• **Source data**
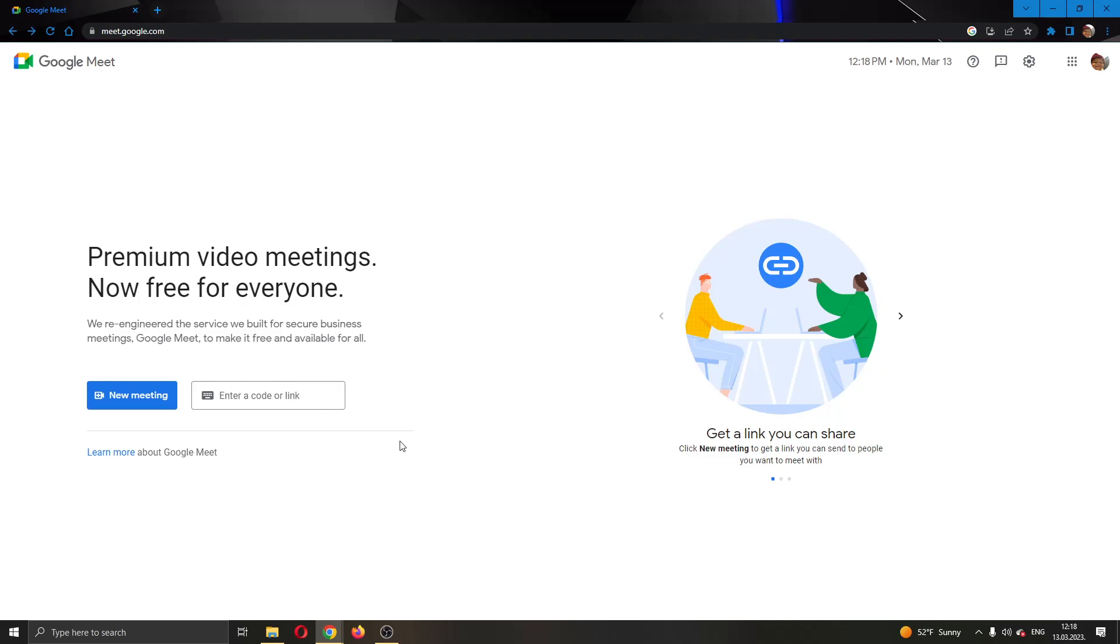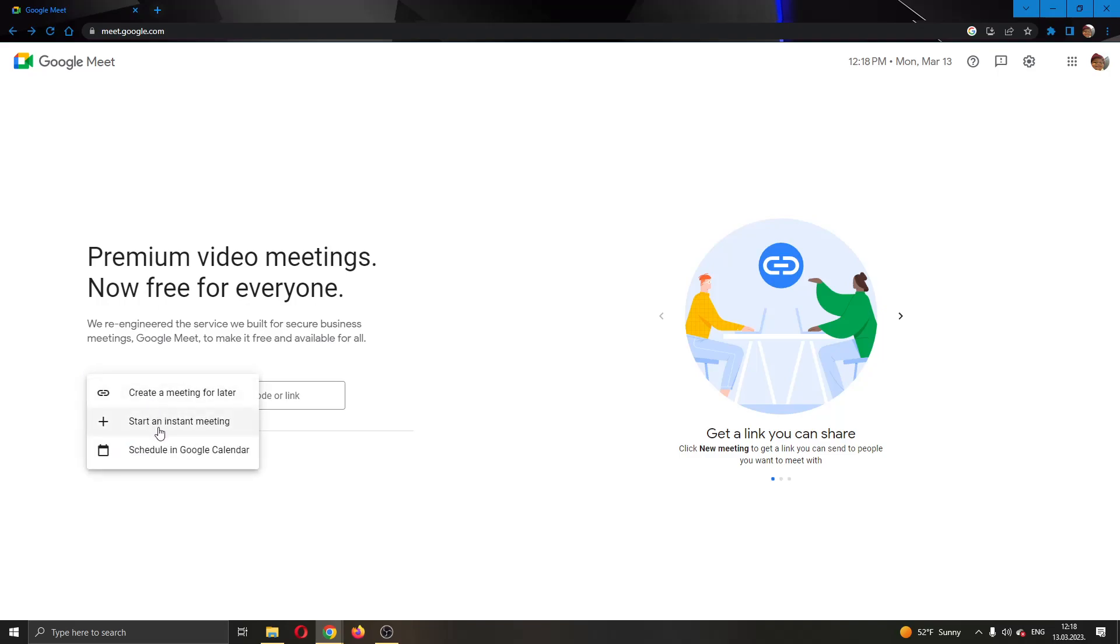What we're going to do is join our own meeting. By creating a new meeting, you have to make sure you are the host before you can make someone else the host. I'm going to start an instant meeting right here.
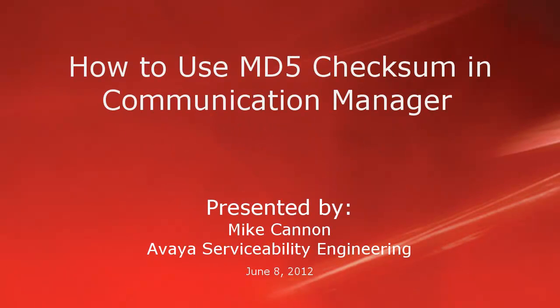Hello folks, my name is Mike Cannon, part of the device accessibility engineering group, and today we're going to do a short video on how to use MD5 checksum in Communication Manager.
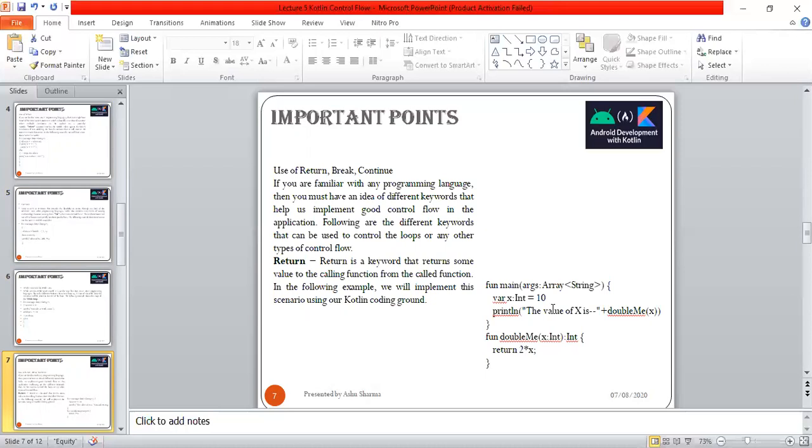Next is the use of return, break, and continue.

• **Problem statement**
Copy out the listing above in full and keep the pictures out.

• **Output below**
What we're going to do is join our own meeting. By creating a new meeting, you have to make sure you are the host before you can make someone else the host. I'm going to start an instant meeting right here.
Hello folks, my name is Mike Cannon, part of the device accessibility engineering group, and today we're going to do a short video on how to use MD5 checksum in Communication Manager.
Next is the use of return, break, and continue.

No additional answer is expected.